> _Supplied information_

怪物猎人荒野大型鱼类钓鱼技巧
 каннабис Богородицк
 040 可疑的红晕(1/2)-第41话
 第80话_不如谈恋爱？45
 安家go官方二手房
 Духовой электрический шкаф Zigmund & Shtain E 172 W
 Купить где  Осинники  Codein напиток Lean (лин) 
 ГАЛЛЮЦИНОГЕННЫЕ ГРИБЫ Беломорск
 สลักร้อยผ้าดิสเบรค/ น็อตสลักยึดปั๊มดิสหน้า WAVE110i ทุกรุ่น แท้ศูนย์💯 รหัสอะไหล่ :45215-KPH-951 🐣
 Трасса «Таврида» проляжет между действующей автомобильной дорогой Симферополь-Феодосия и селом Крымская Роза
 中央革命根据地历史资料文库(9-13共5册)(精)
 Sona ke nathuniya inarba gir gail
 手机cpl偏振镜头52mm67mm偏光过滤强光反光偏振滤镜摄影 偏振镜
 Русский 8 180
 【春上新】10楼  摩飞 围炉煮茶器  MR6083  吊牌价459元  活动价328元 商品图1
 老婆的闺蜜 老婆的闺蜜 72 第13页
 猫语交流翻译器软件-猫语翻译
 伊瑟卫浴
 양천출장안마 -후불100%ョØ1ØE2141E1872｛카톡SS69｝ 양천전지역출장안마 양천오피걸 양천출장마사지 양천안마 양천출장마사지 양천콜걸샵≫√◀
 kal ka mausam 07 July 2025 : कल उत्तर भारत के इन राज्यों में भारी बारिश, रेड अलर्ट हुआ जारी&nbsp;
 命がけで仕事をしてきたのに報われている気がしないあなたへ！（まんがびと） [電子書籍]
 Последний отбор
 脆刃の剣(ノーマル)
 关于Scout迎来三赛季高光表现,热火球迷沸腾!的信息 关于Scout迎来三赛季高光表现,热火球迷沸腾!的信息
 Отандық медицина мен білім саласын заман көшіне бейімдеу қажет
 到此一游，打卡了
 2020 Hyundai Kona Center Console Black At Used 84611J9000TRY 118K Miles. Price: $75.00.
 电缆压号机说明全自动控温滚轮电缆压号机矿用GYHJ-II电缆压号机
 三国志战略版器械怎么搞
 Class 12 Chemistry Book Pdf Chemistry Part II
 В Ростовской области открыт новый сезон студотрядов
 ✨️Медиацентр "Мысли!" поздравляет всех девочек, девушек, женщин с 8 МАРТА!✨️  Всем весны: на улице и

> _Exercise description_
Each record shown above must be reproduced exactly.

> _Exercise answer_
怪物猎人荒野大型鱼类钓鱼技巧
 каннабис Богородицк
 040 可疑的红晕(1/2)-第41话
 第80话_不如谈恋爱？45
 安家go官方二手房
 Духовой электрический шкаф Zigmund & Shtain E 172 W
 Купить где  Осинники  Codein напиток Lean (лин) 
 ГАЛЛЮЦИНОГЕННЫЕ ГРИБЫ Беломорск
 สลักร้อยผ้าดิสเบรค/ น็อตสลักยึดปั๊มดิสหน้า WAVE110i ทุกรุ่น แท้ศูนย์💯 รหัสอะไหล่ :45215-KPH-951 🐣
 Трасса «Таврида» проляжет между действующей автомобильной дорогой Симферополь-Феодосия и селом Крымская Роза
 中央革命根据地历史资料文库(9-13共5册)(精)
 Sona ke nathuniya inarba gir gail
 手机cpl偏振镜头52mm67mm偏光过滤强光反光偏振滤镜摄影 偏振镜
 Русский 8 180
 【春上新】10楼  摩飞 围炉煮茶器  MR6083  吊牌价459元  活动价328元 商品图1
 老婆的闺蜜 老婆的闺蜜 72 第13页
 猫语交流翻译器软件-猫语翻译
 伊瑟卫浴
 양천출장안마 -후불100%ョØ1ØE2141E1872｛카톡SS69｝ 양천전지역출장안마 양천오피걸 양천출장마사지 양천안마 양천출장마사지 양천콜걸샵≫√◀
 kal ka mausam 07 July 2025 : कल उत्तर भारत के इन राज्यों में भारी बारिश, रेड अलर्ट हुआ जारी&nbsp;
 命がけで仕事をしてきたのに報われている気がしないあなたへ！（まんがびと） [電子書籍]
 Последний отбор
 脆刃の剣(ノーマル)
 关于Scout迎来三赛季高光表现,热火球迷沸腾!的信息 关于Scout迎来三赛季高光表现,热火球迷沸腾!的信息
 Отандық медицина мен білім саласын заман көшіне бейімдеу қажет
 到此一游，打卡了
 2020 Hyundai Kona Center Console Black At Used 84611J9000TRY 118K Miles. Price: $75.00.
 电缆压号机说明全自动控温滚轮电缆压号机矿用GYHJ-II电缆压号机
 三国志战略版器械怎么搞
 Class 12 Chemistry Book Pdf Chemistry Part II
 В Ростовской области открыт новый сезон студотрядов
 ✨️Медиацентр "Мысли!" поздравляет всех девочек, девушек, женщин с 8 МАРТА!✨️  Всем весны: на улице и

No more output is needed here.